▶ [Try it] With every picture left out, give the data below back exactly.

▶ [Input data]
┏━━

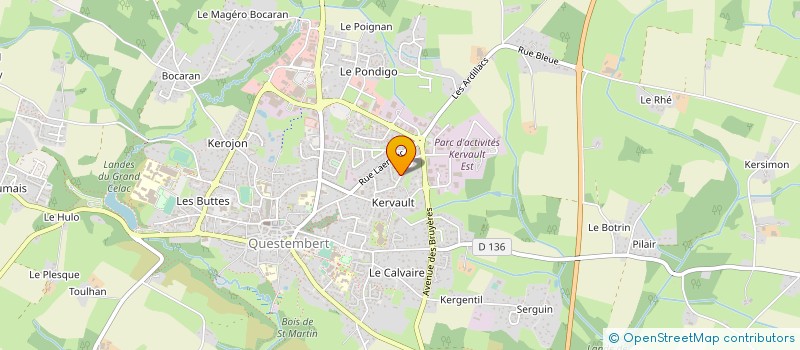 localisation de l'entreprise MADAME SOAZIG ADELIS à QUESTEMBERT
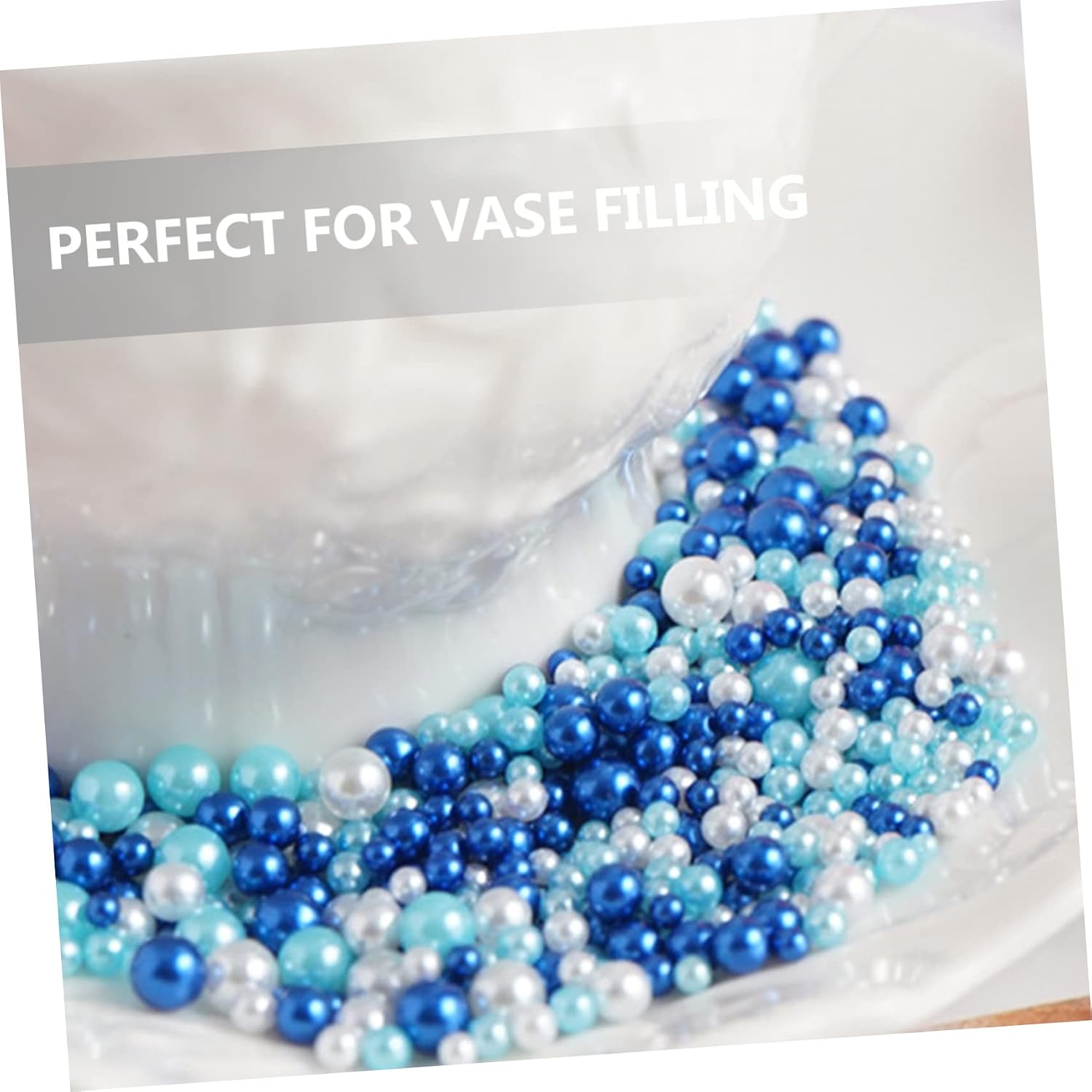 PRETYZOOM 5pcs Floating Artificial Pearls Beads Undrilled Pearl Beads Fishbowl Vase Filler Balls for Centerpieces Wedding Decor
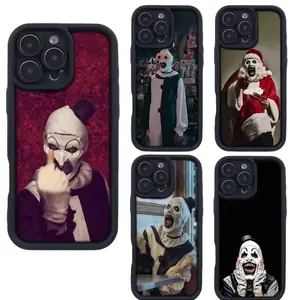 TerrifierS A-Art the C-Clown Phone Case For iPhone 17 Promax 17E 16 15 14 13 12 11 Pro Max 17Air Plus & Samsung Galaxy S26 S25 S24 S23 S22 S21 FE Ultra Plus Anti-Fall TPU shockproof protection Soft silicone Back Cover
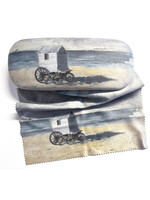 Ensor Glasses case Ensor - Bathing Hut on the Beach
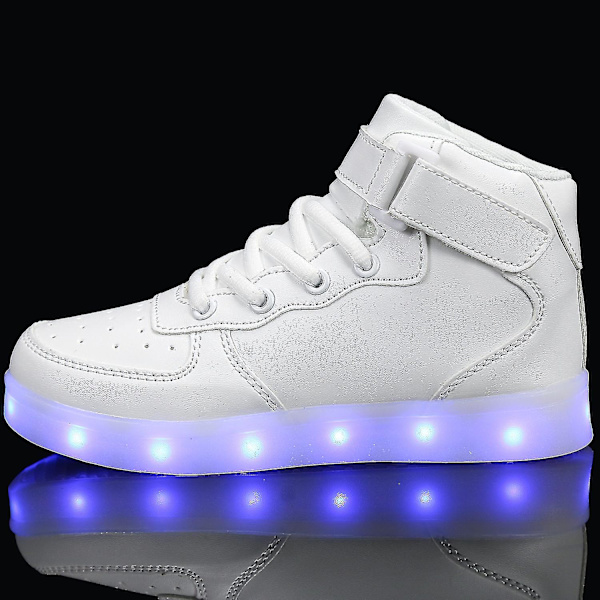 Barn Sneakers Pojkar Led Light Up Sneakers Pojkar Flickor Sport Löparskor 34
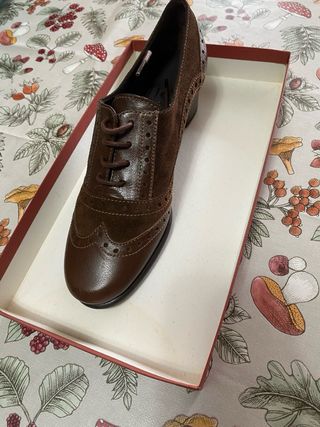 Botines Joni Piel Marrón Talla 36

┗━━

▶ [Result]
 localisation de l'entreprise MADAME SOAZIG ADELIS à QUESTEMBERT
 PRETYZOOM 5pcs Floating Artificial Pearls Beads Undrilled Pearl Beads Fishbowl Vase Filler Balls for Centerpieces Wedding Decor
 TerrifierS A-Art the C-Clown Phone Case For iPhone 17 Promax 17E 16 15 14 13 12 11 Pro Max 17Air Plus & Samsung Galaxy S26 S25 S24 S23 S22 S21 FE Ultra Plus Anti-Fall TPU shockproof protection Soft silicone Back Cover
 Ensor Glasses case Ensor - Bathing Hut on the Beach
 Barn Sneakers Pojkar Led Light Up Sneakers Pojkar Flickor Sport Löparskor 34
 Botines Joni Piel Marrón Talla 36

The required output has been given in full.